__Recorded information__
□ □ □ □
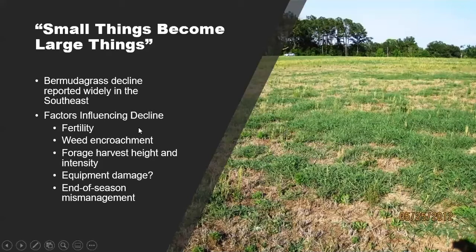There are many things that can influence overall stand persistence. The one we wanted to focus on today is how we manage our Bermudagrass stand at the end of the growing season, and what that does to the root reserves that are then used to promote regrowth during the spring of the following management season.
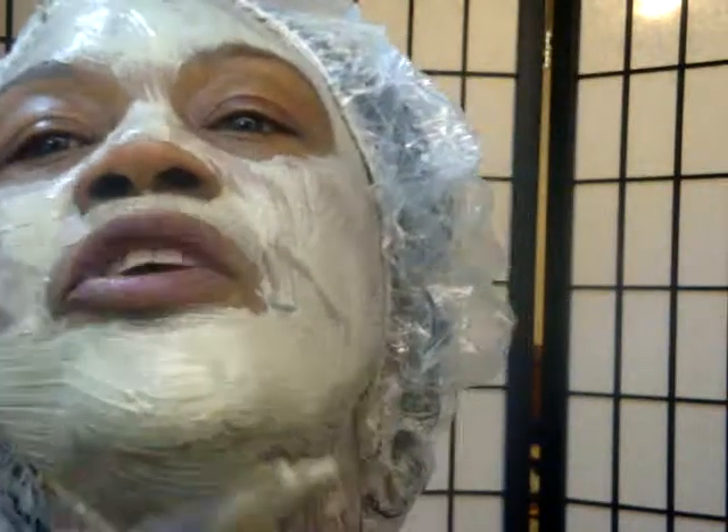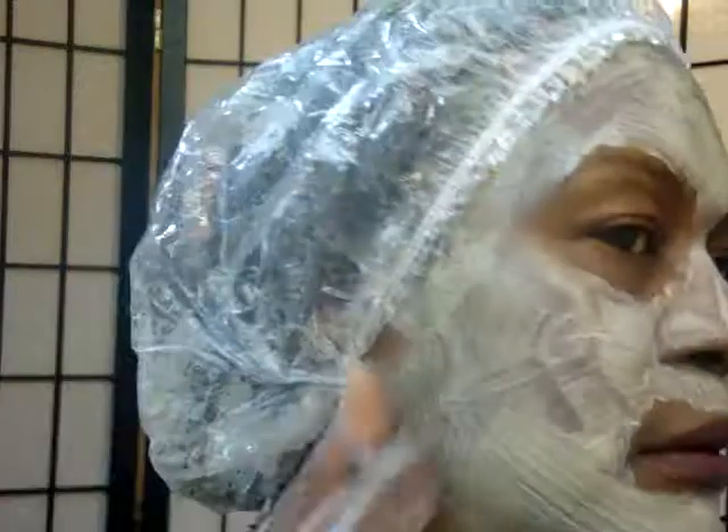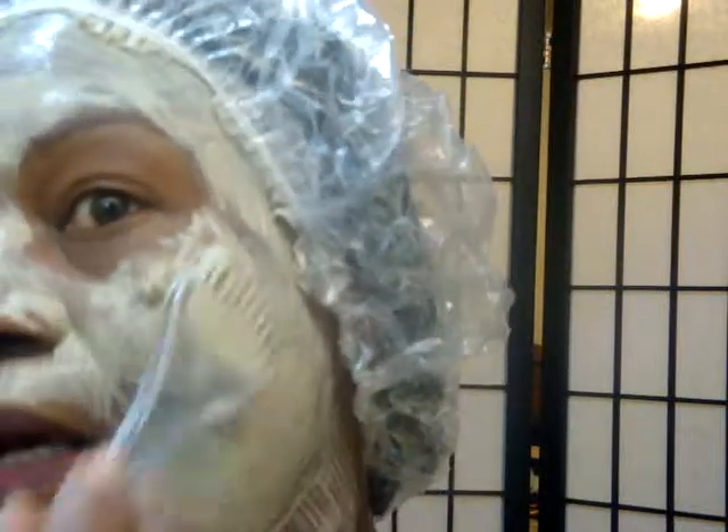I truly believe this mask is great for your skin and your hair. I believe in trying things at least once — when I tried this I really liked it, so I wanted to share the steps I take to apply the mask.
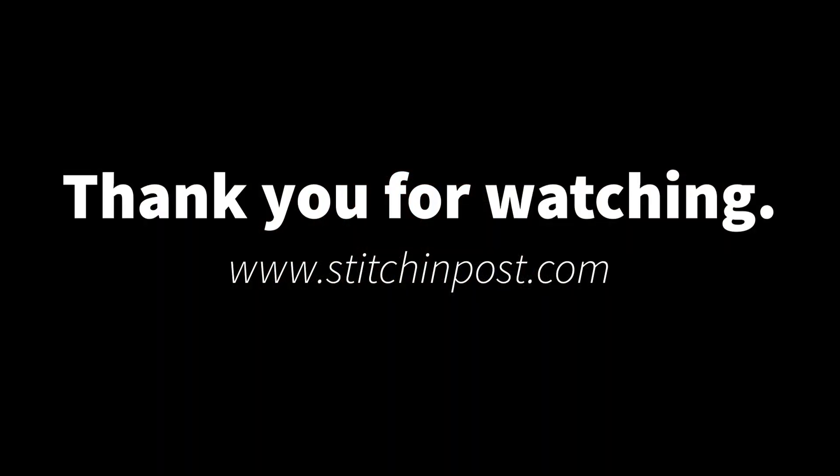Again, I'll see you soon after Quilt Show and I'll show you the finished product. Have a great day!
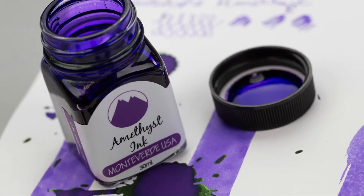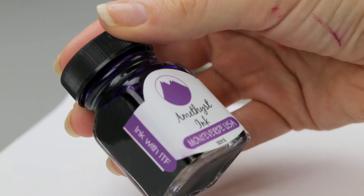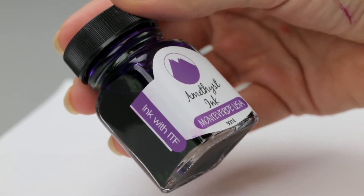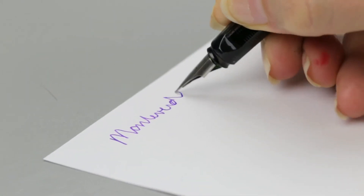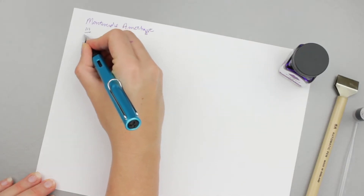Hey guys, Kim here. Today I am using Monteverde's Gemstone Ink Amethyst. I had tried it in the ink elimination videos and it has this gorgeous gorgeous green sheen, so I wanted to try it for hot stuff. I have it in the Lamy All-Star Pacific Blue and this pen has a fine nib.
□ □ □ □
__Work request__
With the images removed, write out all of the material above exactly.

__Exercise result__
There are many things that can influence overall stand persistence. The one we wanted to focus on today is how we manage our Bermudagrass stand at the end of the growing season, and what that does to the root reserves that are then used to promote regrowth during the spring of the following management season.
I truly believe this mask is great for your skin and your hair. I believe in trying things at least once — when I tried this I really liked it, so I wanted to share the steps I take to apply the mask.
Again, I'll see you soon after Quilt Show and I'll show you the finished product. Have a great day!
Hey guys, Kim here. Today I am using Monteverde's Gemstone Ink Amethyst. I had tried it in the ink elimination videos and it has this gorgeous gorgeous green sheen, so I wanted to try it for hot stuff. I have it in the Lamy All-Star Pacific Blue and this pen has a fine nib.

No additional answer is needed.